But mergers will cut costs, so tackling unions critical


The finance minister is doing nothing more than stating the obvious when he says the country needs strong banks rather than a large number of lenders. Moreover, given almost every state-owned lender is in a bad shape, what is also obvious is that the merger of two bad banks cannot result in a good one. Nevertheless, an expert committee to look into the merits of merging banks, a move that has been debated several times over the past decade, can’t hurt. It is possible a careful consideration of the situation might throw up some new ideas. The big difference today is that the balance sheets of banks are in poor condition and even truckloads of capital might not be enough to get them back on track. The government’s estimate that banks need R1.8 lakh crore of capital by FY19 doesn’t sound right to analysts who believe the number could be closer to R2.5-3 lakh crore. Whether or not the government, which is clearly short on resources, should continue to capitalise them with taxpayers’ money is debatable. As it is, coming up with the promised R25,000 crore for FY16 has been difficult. And, unless they are willing to sell their shares for a song, raising capital from the stock market is out of the question.
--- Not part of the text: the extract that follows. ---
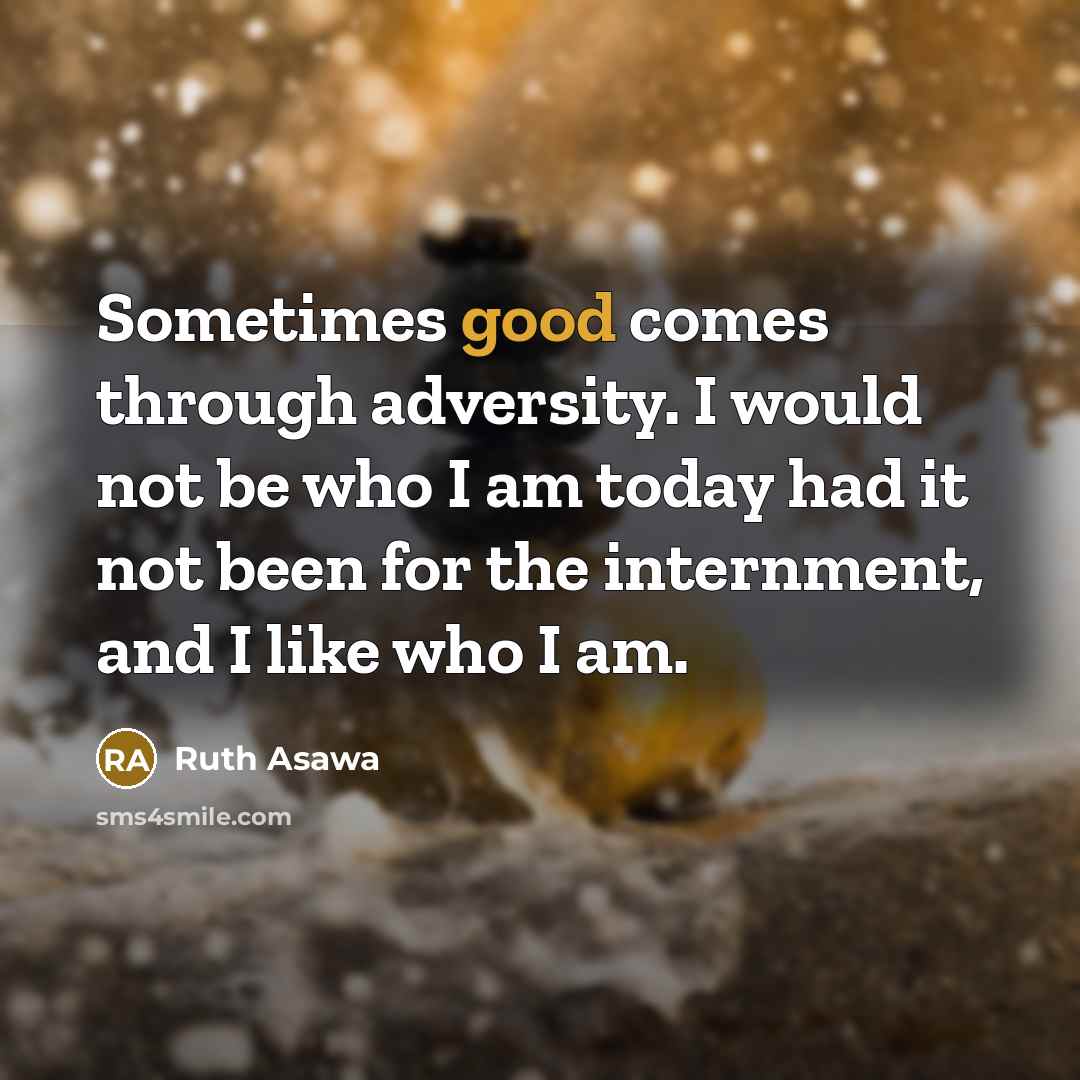 “Sometimes good comes through adversity. I would not be who I am today had it not been for the internment, and I like who I am.” quote by Ruth Asawa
Therefore, the government must impress upon the unions—who will move heaven and earth to prevent merger—that some consolidation is necessary, if nothing else to bring down costs. It must convince them that in the absence of tough measures several banks could end up becoming insolvent, resulting in a large number of people losing their jobs. Talking to unions, who can be a selfish and self-serving lot, is never easy. But, if the government is serious about resurrecting banks and making them operationally efficient—even if they are not merged—costs need to be brought down. Increasingly, technology is driving transactions and, therefore, IT platforms need to be beefed up and branches downsized. Else, private sector banks which are ahead in the race to make transacting more customer-friendly with the use of net banking and apps will leave state-owned lenders far behind. Unfortunately, costs have not been in focus at either of the two Gyan Sangam banking conclaves. But a comparison of the cost-to-income ratios for state-owned banks and private sector lenders makes it apparent the former need to shed some flab; in FY14, for instance, Bank of Baroda’s cost-to-income ratio was 82% while for Kotak Mahindra Bank, it was 74.4%. The government must convince the unions that revamping state-owned lenders completely and making them leaner is necessary to help them compete with their private sector peers. Else, they will slowly lose market-share, making them altogether unviable. The private sector already has close to a fourth of the loan market and close to 40% of the fee market—in FY05, these figures were, respectively, just 16% and 25%. A merger will not solve all problems, but it can help lower costs and allow the management focus on technology-driven transactions.